ラストエンペラー 劇場公開版 4Kレストア

© Recorded Picture Company

【出演】ジョン・ローン、ピーター・オトゥール、ジョアン・チェン、坂本龍一
【監督】ベルナルド・ベルトルッチ

世界史的な大きさでの波乱万丈の生涯

アカデミー賞9部門受賞、キネ旬ベストワン、配給収入24億5千万円(1988年No.1)。坂本龍一さんが日本人で初めてアカデミー賞作曲賞を受賞した『ラストエンペラー』(1987)は、映画ファンだけでなく社会現象としても話題になったバブル全盛期の超大作だ。

しかし何を隠そう、私はこの超有名作を劇場で観たことがなかった。のちにビデオでは見たが、そんなの観たうちには入らないとわかっている。何人かの映画ファンの友人が、「『ラストエンペラー』が生涯のベストワン」と聞いてはいるが、その話になると巧みにかわして逃げてきた。

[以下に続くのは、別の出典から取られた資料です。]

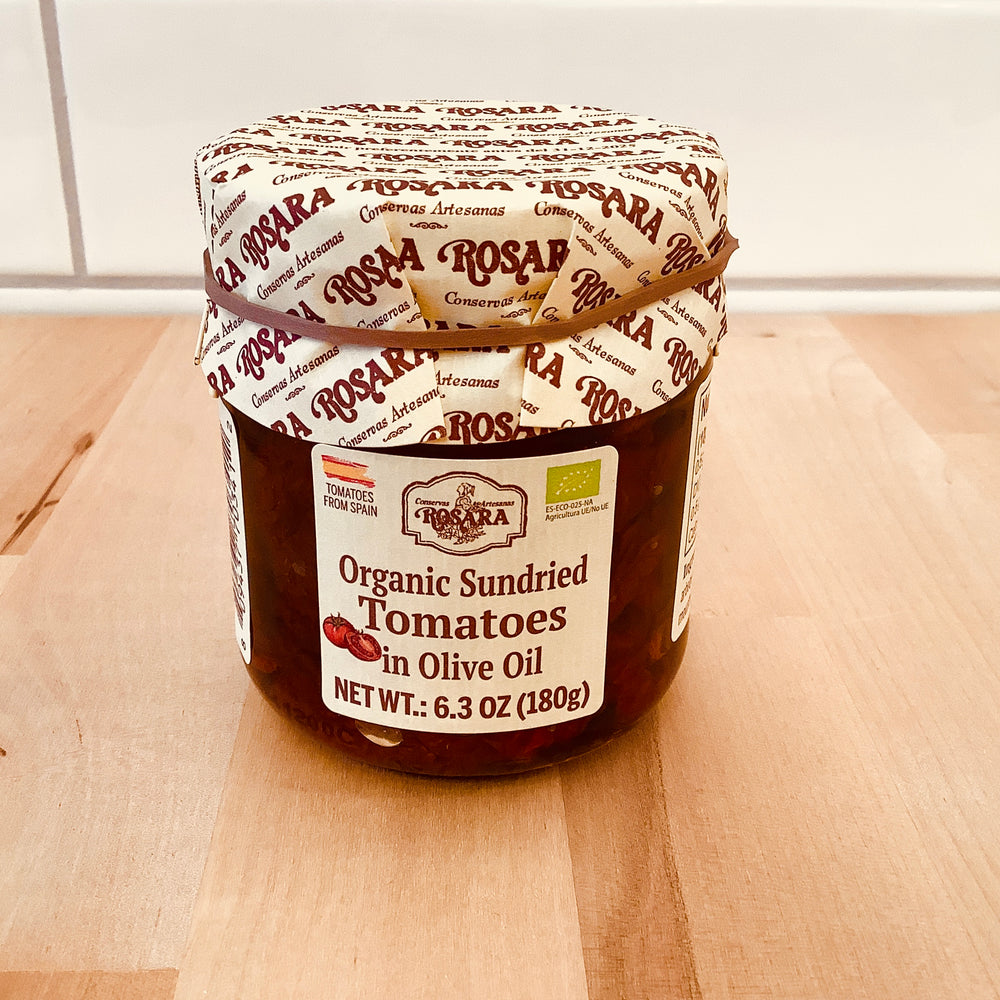 ROSARA Organic Sun-dried Tomatoes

初公開から35年。満を持してようやくCINEXで観ることが出来た。あらためて言うまでもないが、素晴らしい傑作である。

愛新覚羅溥儀(1906-1967)。清朝最後の皇帝在位(1908-1912)は2歳~6歳。1924年にクーデターで紫禁城から退去したのが18歳。満州国皇帝在位(1934-1945)は、28歳~39歳。ソ連軍捕虜・中国戦犯(1945-1959)は39歳から53歳。そして満州族の代表として政協全国委員選出(1964-1967)は58歳~61歳。1967年に61歳で死去。皇帝から戦犯、一庭師、全国委員と、世界史的な大きさでの波乱万丈の人生だ。自分の意志で決めたことはほとんどなく、政治情勢に翻弄された生涯である。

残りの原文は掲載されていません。